Schematic illustrations of the photopolymerization process with scanned slit light

Full size image

Evaluation of molecular alignment

The optical anisotropy and molecular alignment of the obtained polymer films were evaluated by using POM equipped with a Berek compensator (U-CBE, Olympus Corp., Tokyo, Japan). The birefringence (∆n) was evaluated by measuring the retardation (R) and dividing R by the film thickness (d) according to the equation ∆n = R/d [39].

Evaluation of the LC properties of the M6BACP monomer and polymer mixtures

M6BACP polymers were prepared by the following procedure. The polymerizable sample was injected into a glass cell made by bonding two glass substrates (25 × 75 mm) with a 100-µm-thick polyimide spacer at 150 °C and cooled to 90 °C. Polymerization was conducted by irradiation with 365 nm UV light throughout the cell at an intensity of 15 mW/cm2 for 30 min by a UV–LED (LHPUV365-2501, Iwasaki Electric Co., Ltd., Japan). The 1H NMR spectrum and molecular weight distribution curve of the polymer revealed a number-average molecular weight of 109,900, a polydispersity index of 2.4, and a conversion of 99% (Supplementary Text S1, Supplementary Fig. S3).
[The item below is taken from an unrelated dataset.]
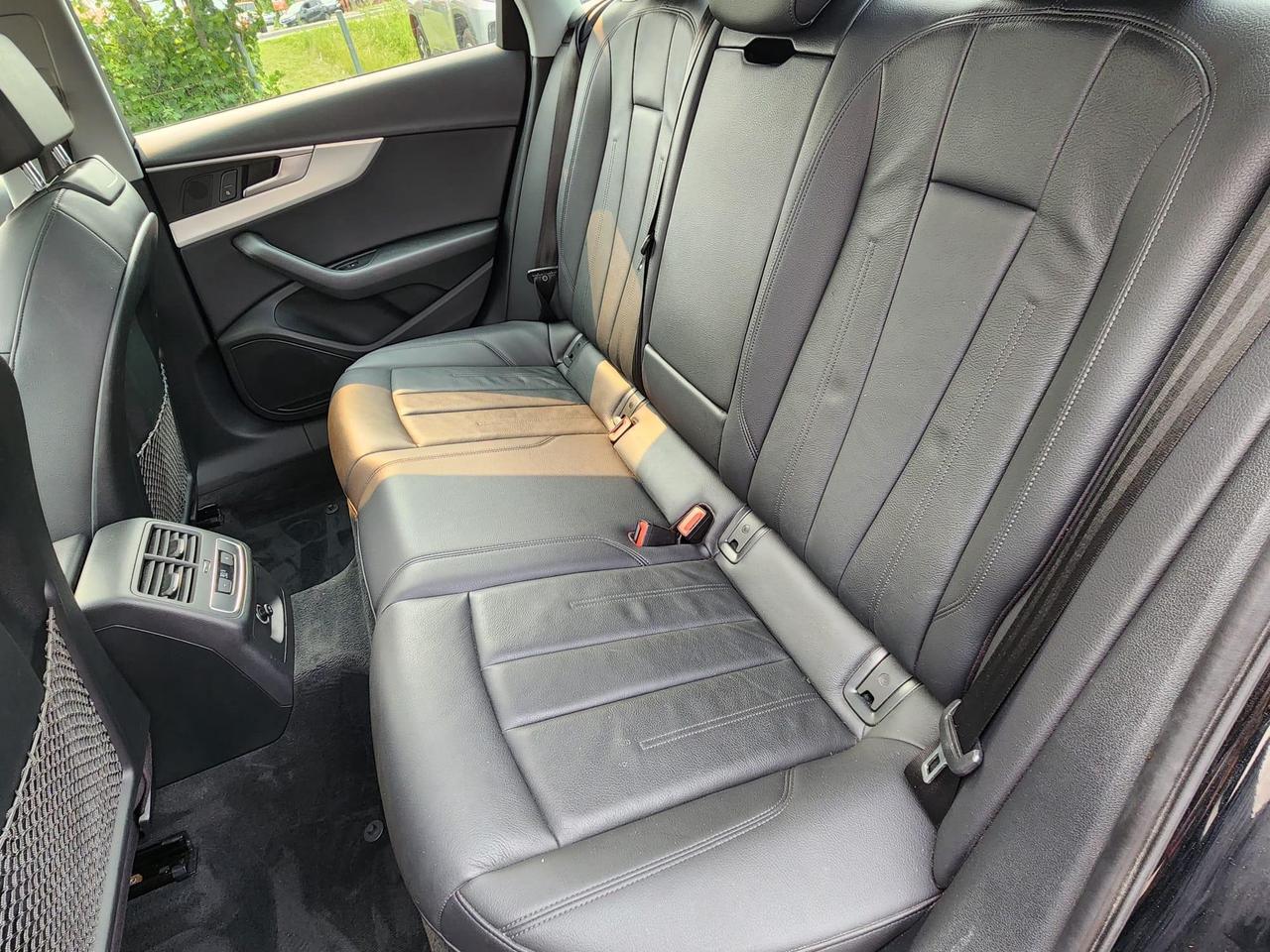 2018 Audi A4 2.0T Progressiv 4dr All-wheel Drive quattro Sedan Photo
Samples with various polymer concentrations were prepared by weighing the obtained polymer and monomer separately on a balance and then mixing them to weight fractions of 0–99 wt%. The mixture was dissolved in THF and stirred for 1 day at room temperature. After the solvent was removed under vacuum for 3 h at 40 °C, 1 h at 80 °C, and 8 h at room temperature, the LC properties of the monomer/polymer mixtures were evaluated by differential scanning calorimetry (DSC, DSC7000X, Hitachi High-Tech Corp., Tokyo, Japan) at a scanning rate of 10 °C/min.

Results and discussion

Effect of exposure dose on the molecular alignment behavior of SWaP

The effect of the polymer concentration during SWaP on the degree of molecular alignment was investigated by altering the exposure dose (E) in the SWaP process. The value of E was calculated by using the following equation: E = w×I/v, where I, w, and v represent the light intensity (mW/cm2), slit width (µm), and light scanning rate (µm/s), respectively. The photoirradiation conditions are summarized in Table 1. The light intensity was fixed at 35 mW/cm2, and E was adjusted to 1.8–560 mJ/cm2 by changing the slit width and the light scanning rate. As representative examples, POM images of the polymer films fabricated at E values of 280, 140, and 58 mJ/cm2 are shown in Fig. 3a–c. The films obtained at E values of 280 and 140 mJ/cm2 exhibited uniform optical anisotropy; the images were completely dark when the light scanning direction was parallel or perpendicular to the polarizers and became bright when the films were rotated by 45°. Furthermore, POM observation with a Berek compensator revealed that the anisotropic units (phenyl benzoate moieties) were aligned unidirectionally along the light scanning direction (Supplementary Fig. S2). When E was 58 mJ/cm2, neither uniform optical anisotropy nor unidirectional molecular alignment was induced. To quantify the degree of molecular alignment, the birefringence (∆n) of the polymer films fabricated under various exposure doses was evaluated (Fig. 2d, Supplementary Table S1). The films fabricated at exposure doses of 58 mJ/cm2 or less showed no optical anisotropy, which indicates that the molecular alignment was macroscopically random. In contrast, unidirectional molecular alignment was induced above 140 mJ/cm2, with a maximum ∆n of 0.04 at 280 mJ/cm2. An increase in the exposure dose yields a greater polymer concentration in the films, suggesting that a certain polymer concentration is required to align molecules in SWaP.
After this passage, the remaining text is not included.